### Dataset content
□ □ □ □ □

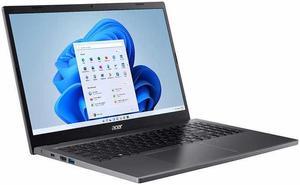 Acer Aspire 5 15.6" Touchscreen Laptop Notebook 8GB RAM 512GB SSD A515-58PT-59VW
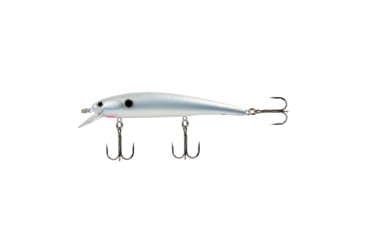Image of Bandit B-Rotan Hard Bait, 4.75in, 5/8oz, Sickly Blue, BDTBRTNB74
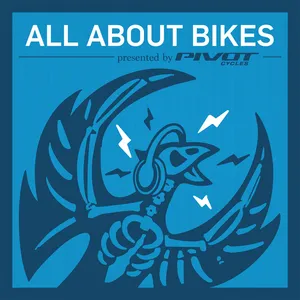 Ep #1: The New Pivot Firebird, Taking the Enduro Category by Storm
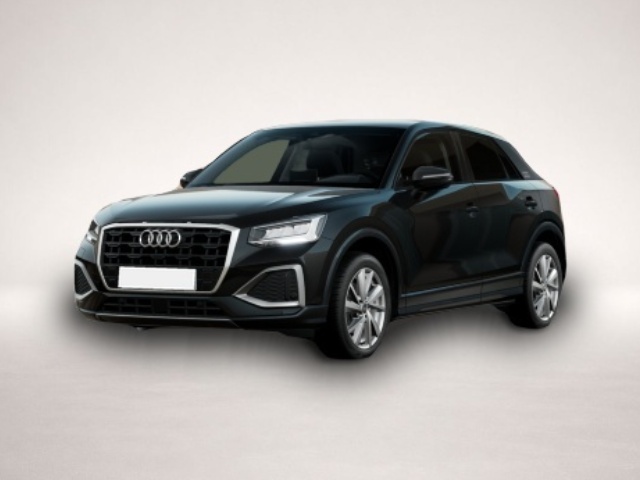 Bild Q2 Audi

□ □ □ □ □

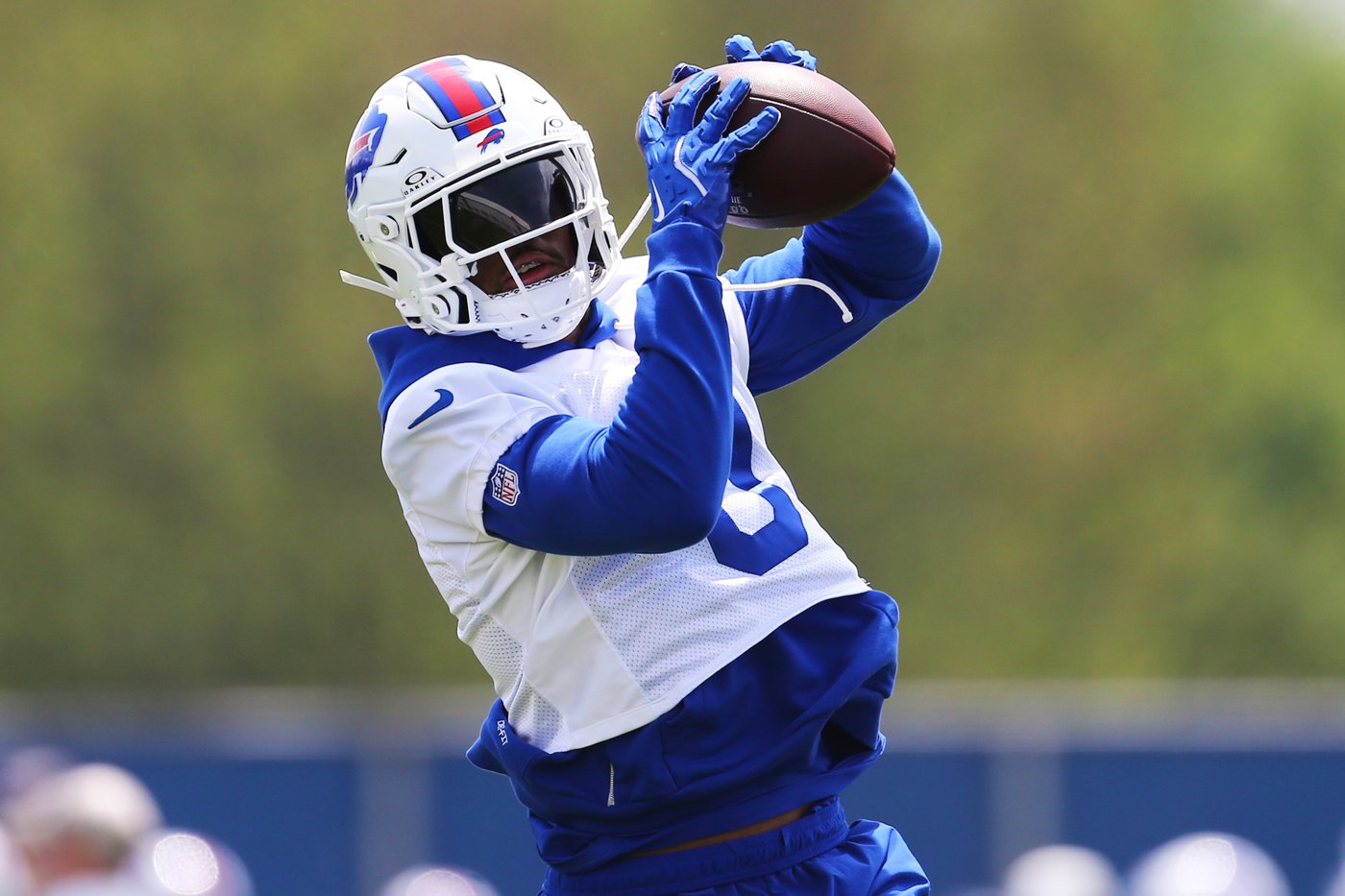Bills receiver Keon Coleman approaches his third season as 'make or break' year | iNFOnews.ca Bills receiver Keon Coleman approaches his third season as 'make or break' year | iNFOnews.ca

□ □ □ □ □

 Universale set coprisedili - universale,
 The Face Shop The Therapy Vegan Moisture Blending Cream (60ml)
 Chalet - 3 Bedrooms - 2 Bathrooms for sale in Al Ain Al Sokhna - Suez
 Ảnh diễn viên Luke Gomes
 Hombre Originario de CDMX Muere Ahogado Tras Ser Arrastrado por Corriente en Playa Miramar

□ □ □ □ □

### Work request
Excluding any pictures, print exactly the lines of the listing above from the line with "Acer Aspire 5" to the line with "Bild Q2 Audi", both ends included.

### Solution for this exercise
 Acer Aspire 5 15.6" Touchscreen Laptop Notebook 8GB RAM 512GB SSD A515-58PT-59VW
Image of Bandit B-Rotan Hard Bait, 4.75in, 5/8oz, Sickly Blue, BDTBRTNB74
 Ep #1: The New Pivot Firebird, Taking the Enduro Category by Storm
 Bild Q2 Audi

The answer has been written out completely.